For as long as I can remember, I have always been a fan of black and white (see B&W). My Mom took a photography class at LSU and took the most awesome black and white photographs; so much so, that it got me into photography (B&W not so much I am embarrassed to say). I love B&W photography, movies... something about the lack of vivid colors does something I think, allows the subject matter to speak for itself. Allow me to preface the rest of this story by noting that I had no idea how much it had to say...
As many of you already know, Lila is pregnant- right at 5 months now. We couldn't ask for a more pain-free and simplistic pregnancy (ok, more pain-free for me than her, but seriously). Week-by-week clockwork. She went in for her first ultrasound in mid-December. The scan they took looked like, in her words, a kitten. The image was that of a small, nondescript looking thing- like a kitten, I guess. Yeah, that's our kid *rolleyes*; I knew this shit was a ruse. Lila's a crafty bitch. heh.
So we're sitting at the OBGYN's yesterday, waiting for her mid-term ultrasound. There I am, sitting in a room full of pregnant women in my Carhartt work pants, jungle boots and suspenders- I'm quite the site I am sure (yes honey, I know you love my ass in the Carhartt's): scruffy goatee, with my OD green "Marines" t-shirt on, my oil stained cap covering my mop. Yep, a classic shoe-in for Dad-of-the-year here baby. Fuck yeah, who you kiddin'???!! For the past 5 months, while I've known we were pregnant, it hadn't really sunk in for me just as of yet. Give it 5 minutes. I sit there and bitch to Lila about the horrid green plastic shoes some woman is wearing, while she is constantly prodding me to curb my language. Yep, still a potty mouth at 37. I was bitchy and yes, a bit selfish. I had to leave the house and all of it's labored glory to sit in a room and wait for the stomach movie to start filming- which I might add, started 15 minutes late (grrr). My 5 minutes is up.
We walk in to an incredibly large, darkened room with several devices I have never seen before, a huge LCD on the wall, a PC. Whiskey. Tango. Foxtrot, over???!! OK, I'm nervous now. She forced me not to use a condom Mom, I swear... The technician asks Lila to get up onto the table and pull her pants down below her hips. Hey, now we're gettin' somewhere (yeah, the same place that got us HERE). She spills out the lube and breaks out the wand and the show begins.
Fuck. I'm still nervous. I stand up. I look over at Lila and she reaches out her hand. I walk up and take it and we both look up to the LCD on the wall in utter amazement. There it is, the lil vampire. The kiddo. Our child. The technician explained what was what as she swerved in and out, left and right. The images were amazing. Heh, who am I kidding- it was fucking amazing. As I was to tell my Mom minutes after I left, it was "The coolest shit I'd ever seen!". The little arms that covered his huge melon (we don't know or want to know the child's sex, but if I say boy enough- saying it makes it happen!). It was really eye opening when the baby smiled at us, as if to look at us and say "What the hell do you want?". The look on Lila's face was priceless though, her eyes rolled to the size of plates and nearly popped out of her head. It was a look I was to see several times, actually. I'm not too sure at what point I stopped being nervous and really got excited. It was all so incredible to see the heart beating, the baby tossing about. I have to say that we were both saddened by the fact that no horn was evident; I told Lila I thought unicorns might not develop a horn until after birth, so there's still hope. But, unicorn or no, I think I am gonna be a dad.

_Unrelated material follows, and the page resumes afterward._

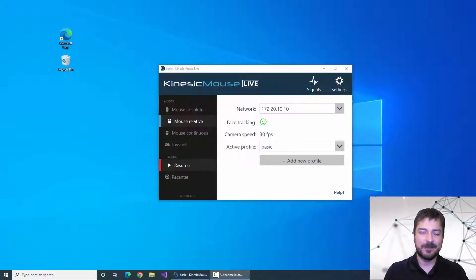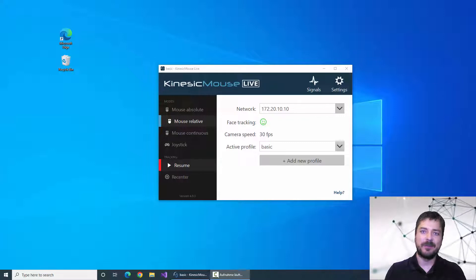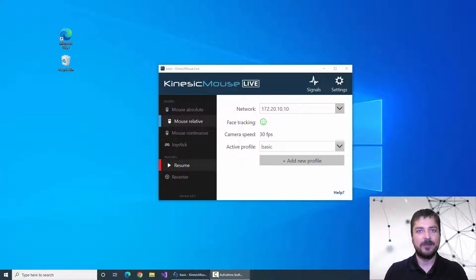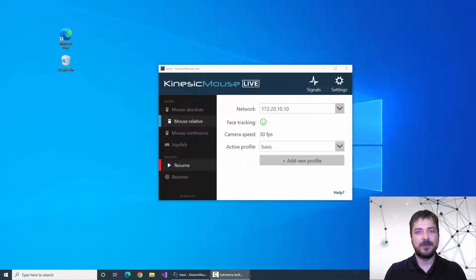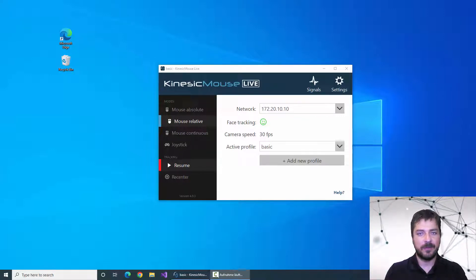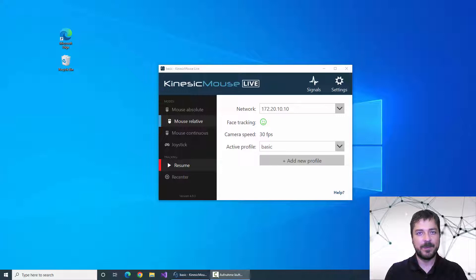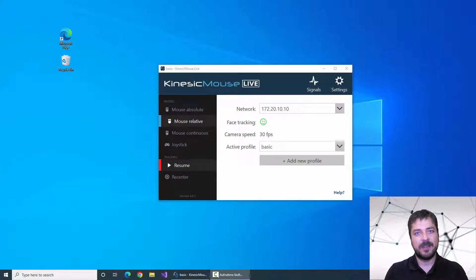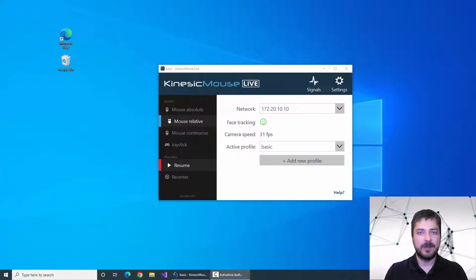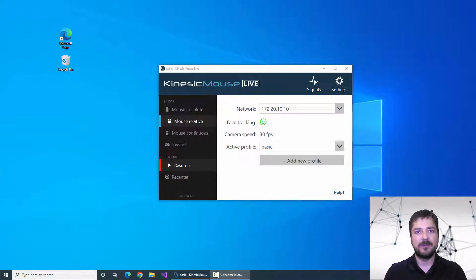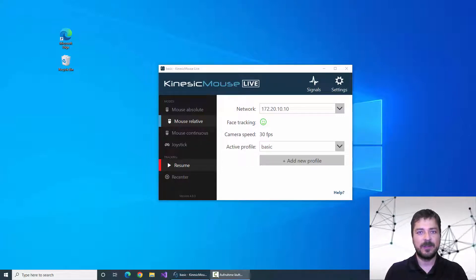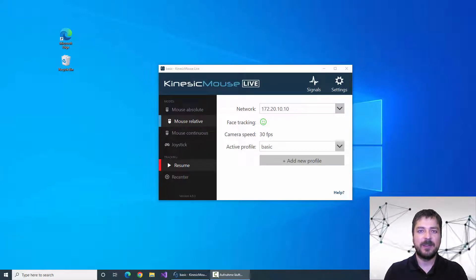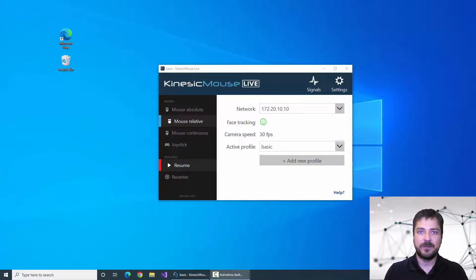The click switch menu is a perfect solution if you only have a few facial expressions to work with. So if you're just starting out with the Kinesic Mouse and gaining control of your mouse buttons, the click switch might be the ideal solution for you.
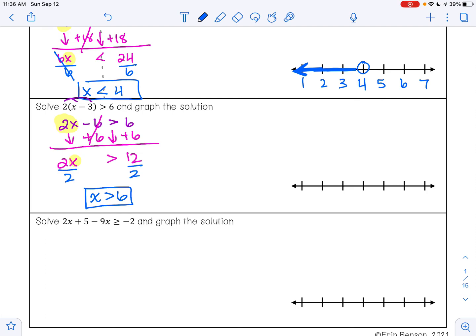6 is going to go in the middle of my number line — make sure you fill out your number line completely. 6 is not included as my solution because I don't have the equal to symbol, so I'm going to have an open circle. I want all the numbers greater than 6, so I am going to shade to the right. Don't forget to include your arrow with your shading.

The movie wraps up and the technician gives Lila a roll of about 1500 ultrasound scans that she took and we headed out. We walked out to the front of the doctors office and hugged, kissed and got into our respective cars. As I sat there, briefly, it really hit me. The love of my life is pregnant with our child. I felt so much more connected to Lila than I ever have and I didn't ever think that was possible. True love finds a way of surprising me all the time and this is certainly no exception. We're going to be parents of a baby boy (hint-hint), the only question now is whether it will be black or white.
2 comments:
Good line about the unicorn. One day, when I'm a father, I hope to remember to use it.
Something to make the wife really think twice about me as a father.
This is a far cry from the conversation we had in my kitchen about love and relationships. Look at us now you are in a great relationship and you will be a father. It seems that you have everything you said you wanted. Good conversation with someone you love, "good sex?" and you are going to be a father. I am really happy for you. My God bless and keep your growing family.